Drawing on the AKDN's experiences across Africa and Asia, Hazar Imam presented to the UNESCO Executive Board three strategic themes that he believed could enlarge the contribution to human opportunity that can be gained from the entrepreneurial energies evident in the developing world." The first was to concentrate on the qualitative improvement - to replicable levels - of institutions, services and skills. The second theme was to benefit from effective regional collaboration "in a world of rapidly expanding knowledge and international competition." And the third was "to cultivate the vitality and harvest the potential of the private sector" through government initiatives which will release wealth "imprisoned by unimaginative legislation often inherited from a colonial past."

Hazar Imam illustrated these strategic themes and their interaction through three examples from AKDN: the Aga Khan Rural Support Programme aimed at enhancing community resources; AKTC's Historic Cities Support Programme project in Zanzibar aimed at the conservation and self-sustaining utilization of cultural resources; and AKU, aimed at establishing a new standard of educational resource.

Responding to Mowlana Hazar Imam, Executive Board members representing Egypt, Nigeria and Mexico expressed their great admiration for the achievements of the Network and expressed the hope that they would inspire wider emulation in the fields of endeavour and geographic regions served by UNESCO.

In his concluding remarks, UNESCO's Director General, Mr. Federico Mayor, paid tribute to the Aga Khan Development Network's success in building capacity and empowering people - especially women - to manage their own development according to local models that respect the diversity of needs and resources.

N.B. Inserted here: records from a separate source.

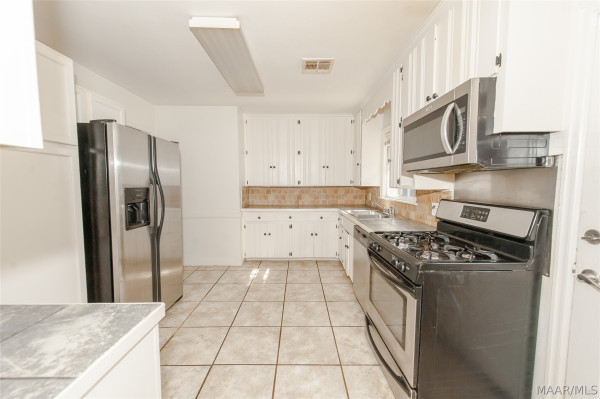 409 Honeysuckle Court
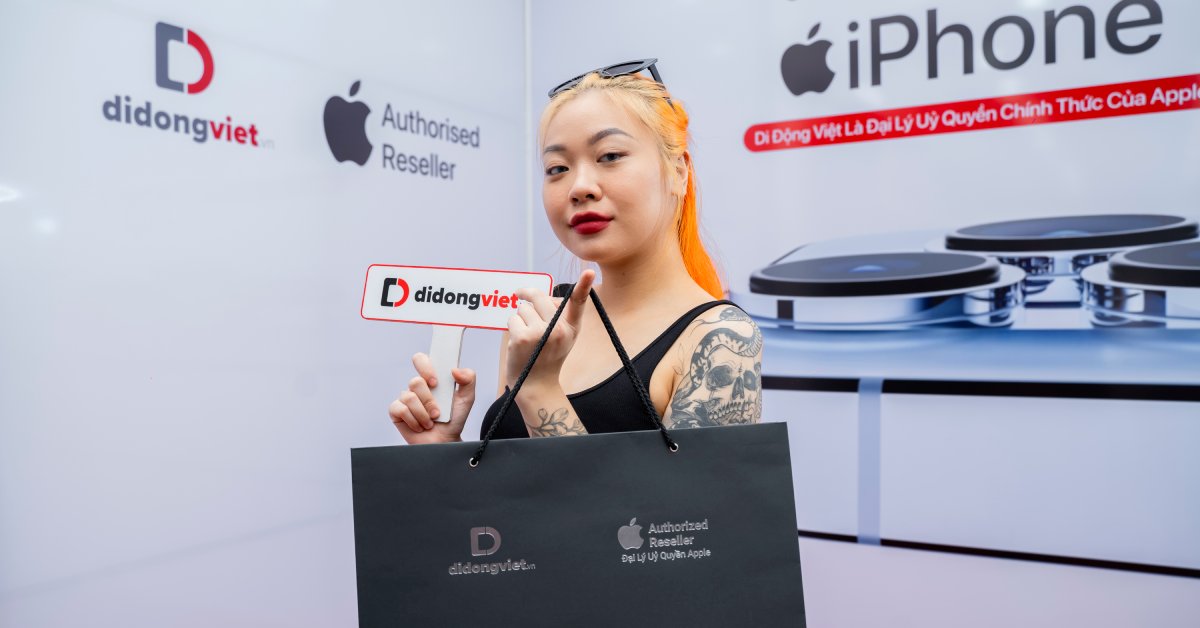 Nữ Rapper “GenZ” Sidie cực cá tính bên iPhone 13 Pro Max tại Di Động Việt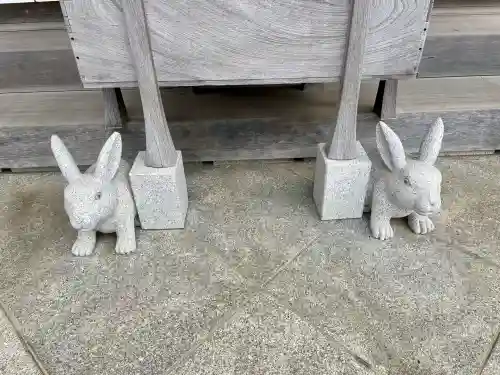 日蓮宗龍口山本龍寺の{uncategorized: "未分類", other: "その他", undefined: "問題あり", building: "その他建物", grave: "お墓", sacred_gate: "鳥居", guardian: "狛犬", statue: "像", buddha: "仏像", history: "歴史", nature: "自然", garden: "庭園", animal: "動物", pagoda: "塔", temizu: "手水舎", mountain_gate: "山門・神門", sanctuary: "本殿・本堂", subordinate: "末社・摂社", art: "芸術", scenery: "景色", jizo: "地蔵", ema: "絵馬", goshuin: "御朱印", omikuji: "おみくじ", items: "授与品その他", amulet: "お守り", goshuincho: "御朱印帳", eats: "食事", festival: "お祭り", votive_dance: "神楽", shichigosan: "七五三参", wedding: "結婚式", experience: "体験その他", initially: "初詣", around: "周辺", anti_infection: "感染症対策"}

Mowlana Hazar Imam's presence at UNESCO follows in a long tradition of his family's service in international affairs. Hazrat Imam Sultan Mohamed Shah was twice president of the League of Nations. Prince Aly Khan was Pakistan's Ambassador to the United Nations. Prince Sadruddin has been United Nations' High Commissioner for Refugees, and United Nations' Executive Delegate of the Secretary General for a humanitarian program for Iraq, Kuwait, Iraq-Iran and Iraq-Turkey border areas. Prince Amyn was for a few years attached to the United Nations Secretariat, Department of Economic and Social Affairs. In December 1980, Mowlana Hazar Imam addressed the United Nations in New York on the Aga Khan Award for Architecture in the presence of the then-Secretary General Kurt Waldheim. The AKDN continues to work closely with U.N. agencies, and Mowlana Hazar Imam maintains contact with senior U.N. officials.